Your task:
In the material below, find the span from the line with "Detail Gallery Image" to the line with "Luxury Vinhomes Skylake Apartment" and transcribe only those lines, exactly, ends included, without the pictures.

Records for this task:
● ● ●

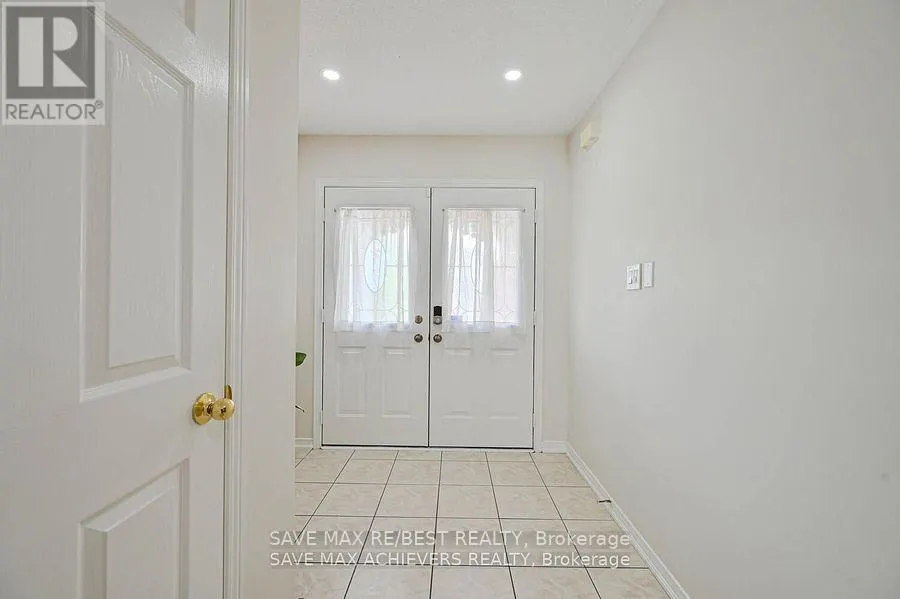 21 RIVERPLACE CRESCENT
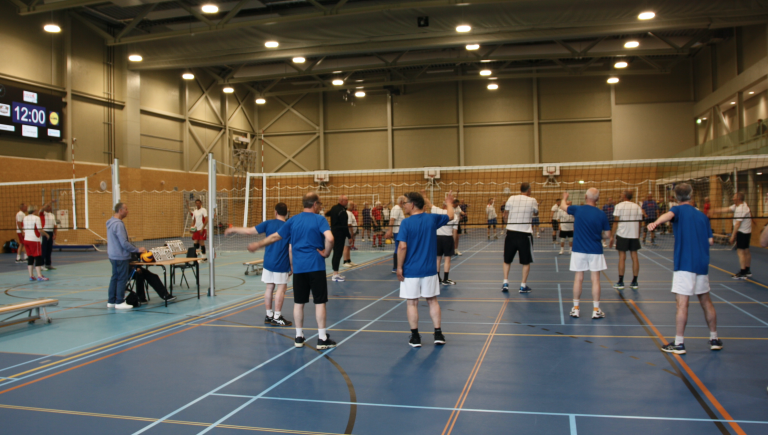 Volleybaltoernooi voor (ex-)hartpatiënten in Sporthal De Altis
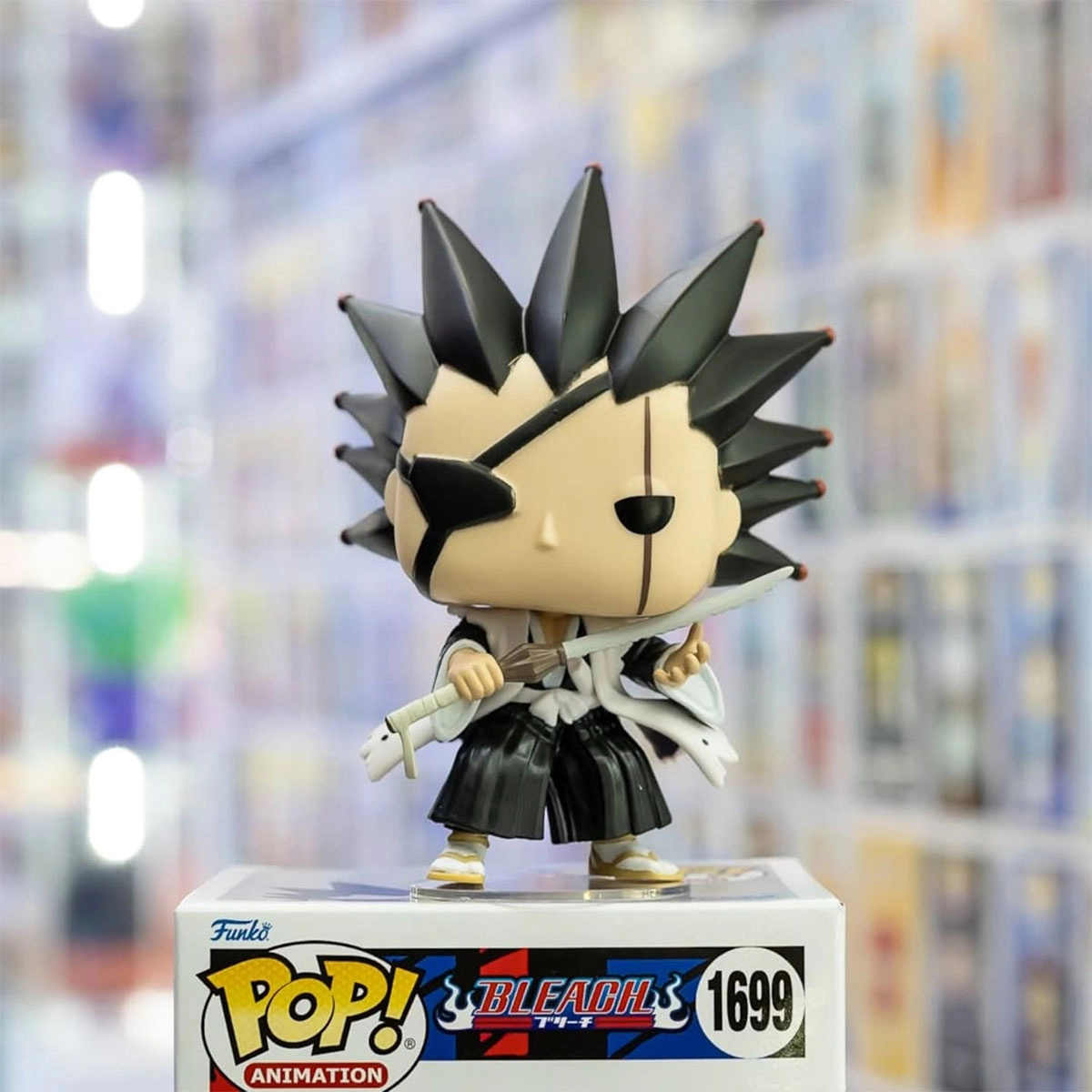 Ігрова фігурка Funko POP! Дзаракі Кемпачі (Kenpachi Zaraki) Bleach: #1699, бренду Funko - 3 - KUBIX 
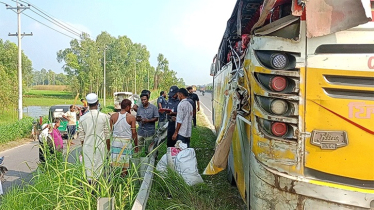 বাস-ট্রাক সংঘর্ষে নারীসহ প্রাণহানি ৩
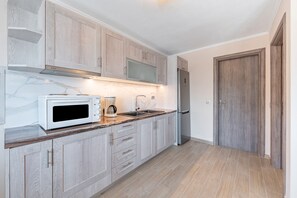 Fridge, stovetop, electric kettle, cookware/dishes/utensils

● ● ●

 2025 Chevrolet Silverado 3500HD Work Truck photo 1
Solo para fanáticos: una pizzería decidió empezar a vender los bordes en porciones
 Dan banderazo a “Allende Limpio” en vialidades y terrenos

● ● ●

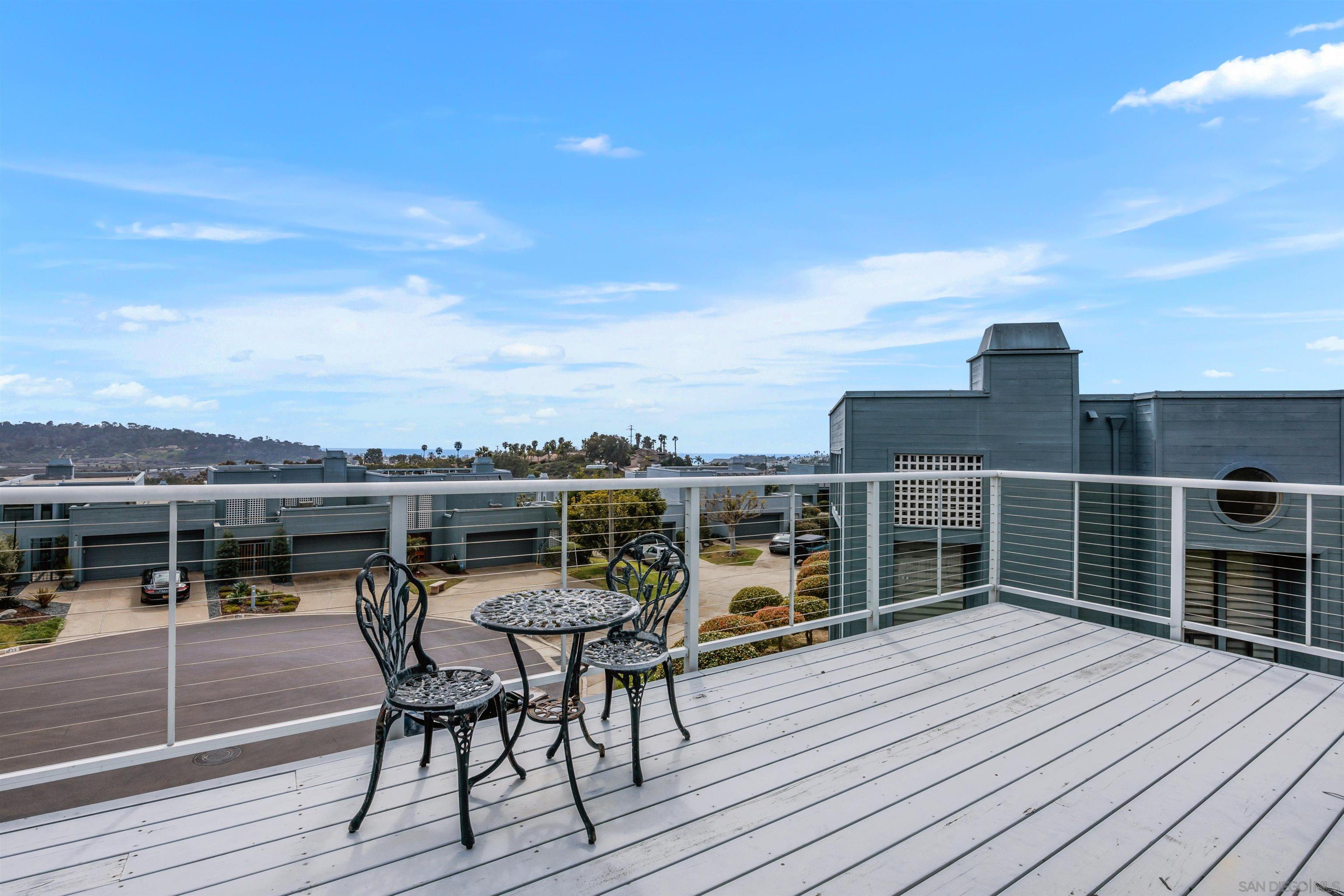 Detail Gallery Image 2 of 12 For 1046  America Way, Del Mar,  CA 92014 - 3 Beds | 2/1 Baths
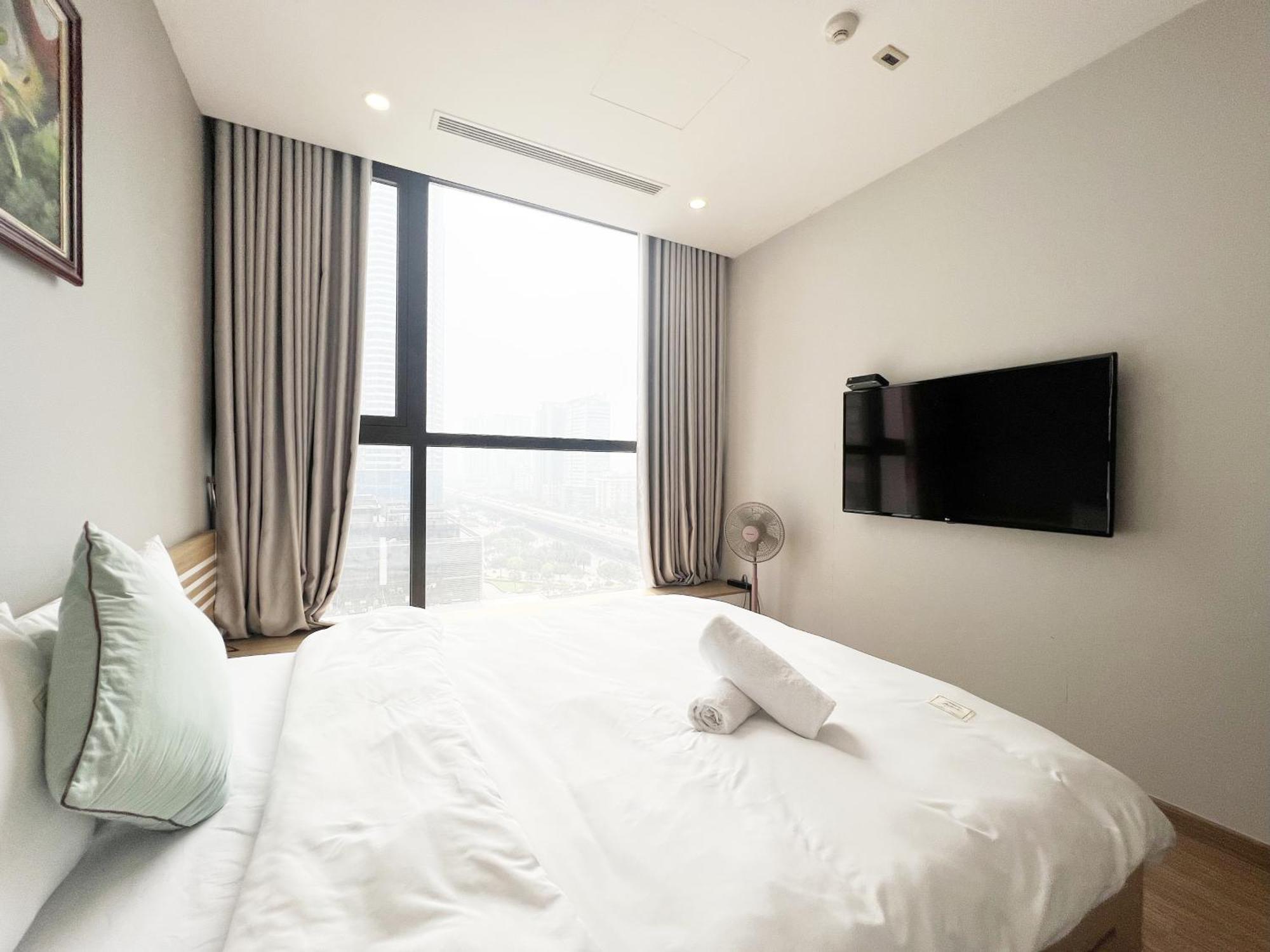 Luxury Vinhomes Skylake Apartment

● ● ●

Reply:
 Detail Gallery Image 2 of 12 For 1046  America Way, Del Mar,  CA 92014 - 3 Beds | 2/1 Baths
 Luxury Vinhomes Skylake Apartment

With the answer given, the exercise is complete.